Between hurricane preparations and pandemic delays, completing the Nancy and Rich Kinder Building at the Museum of Fine Arts, Houston (MFAH) took a few weeks longer than planned. But the imposing new structure is opening on Saturday, November 21, and you’re going to want to visit.
This sweeping, translucent building, with its striking glass tubes and concave curves, is itself a work of art. Designed by Stephen Holl Architects to house the museum’s 20th- and 21st-century collection, the Kinder building has three floors and more than 100,000 square feet of exhibition space, plus a 215-seat theater, a restaurant, a cafe, and a soaring atrium. Its new galleries increase the museum’s overall exhibition space by nearly 75 percent. The campus also boasts new buildings that house an art conservation center and the Glassell School of Art.
Surrounding the new building are seven gardens and six reflecting pools by landscape designer Deborah Nivens—all part of the $385 million redevelopment program that MFAH has been working on since 2012.
“The Kinder building completes our campus,” says openly gay MFAH Director Gary Tinterow. “It creates a permanent home for our until-now rarely seen international collections of modern and contemporary art, with about 1,000 works in the inaugural installations. It gives Houston a 14-acre pedestrian-friendly expanse of great architecture, public art, and public plazas.

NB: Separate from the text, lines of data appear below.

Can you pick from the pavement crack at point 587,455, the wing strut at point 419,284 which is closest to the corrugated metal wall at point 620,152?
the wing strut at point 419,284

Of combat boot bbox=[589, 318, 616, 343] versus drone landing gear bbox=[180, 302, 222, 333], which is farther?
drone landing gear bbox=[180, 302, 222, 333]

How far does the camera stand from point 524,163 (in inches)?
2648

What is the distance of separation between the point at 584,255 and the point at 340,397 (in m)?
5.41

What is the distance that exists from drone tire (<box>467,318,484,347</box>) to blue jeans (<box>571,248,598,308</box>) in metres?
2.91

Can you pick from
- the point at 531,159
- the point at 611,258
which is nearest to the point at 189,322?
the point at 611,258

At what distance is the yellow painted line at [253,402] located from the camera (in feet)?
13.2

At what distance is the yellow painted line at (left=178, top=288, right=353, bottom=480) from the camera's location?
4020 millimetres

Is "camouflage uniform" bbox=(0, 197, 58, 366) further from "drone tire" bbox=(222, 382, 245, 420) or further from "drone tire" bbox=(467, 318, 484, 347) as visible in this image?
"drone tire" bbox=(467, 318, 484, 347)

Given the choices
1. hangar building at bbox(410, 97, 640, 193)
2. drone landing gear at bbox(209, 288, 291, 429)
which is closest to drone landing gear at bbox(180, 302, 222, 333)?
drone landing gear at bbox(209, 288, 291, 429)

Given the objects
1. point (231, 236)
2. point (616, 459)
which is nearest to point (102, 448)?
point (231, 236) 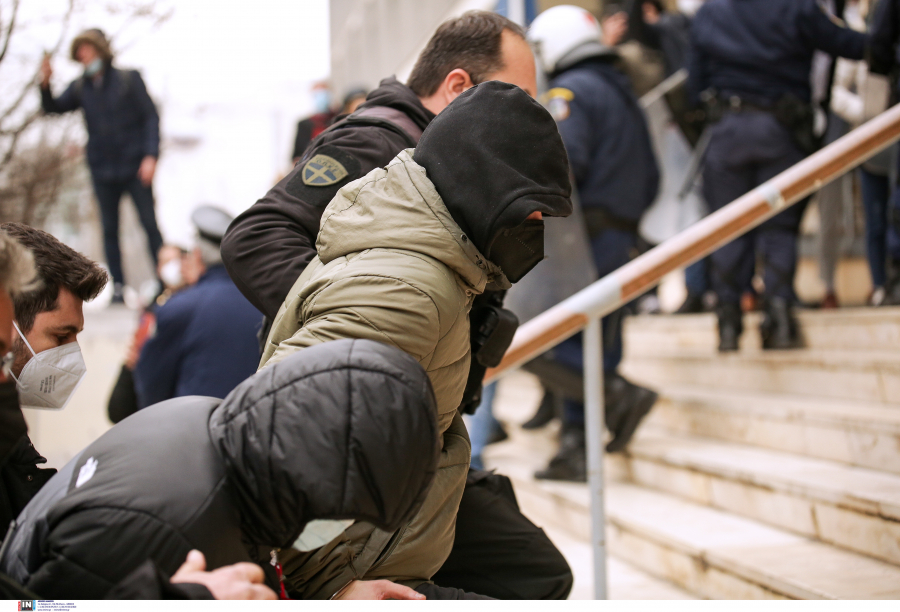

“MFAH is now the fourth-largest encyclopedic museum in the United States, by measure of display space,” Tinterow says. “Personally, I am thrilled to have been able to contribute to such a remarkable new destination for Houston, and I’m overwhelmed by the support from the philanthropic community here.”
A series of major site-specific commissioned artworks are also being inaugurated along with the Kinder Building. They will serve as portals connecting the new structure with the rest of the Susan and Fayez S. Sarofim Campus. Located at strategic points, the works are designed to mark moments of transition and activate the public spaces. These works of art were commissioned from a roster of renowned international artists.
As for the Kinder building’s initial exhibitions, the third-floor galleries will feature five installations of art from 1960 to the present. The Collectivity exhibit explores the use of materials and techniques to create a community. Color into Light showcases work by artists celebrated for their studies in color dynamics. Line into Space examines how artists explore the line in multiple dimensions. And finally, Border, Mapping, Witness considers maps and borders in geographic, social, and political terms.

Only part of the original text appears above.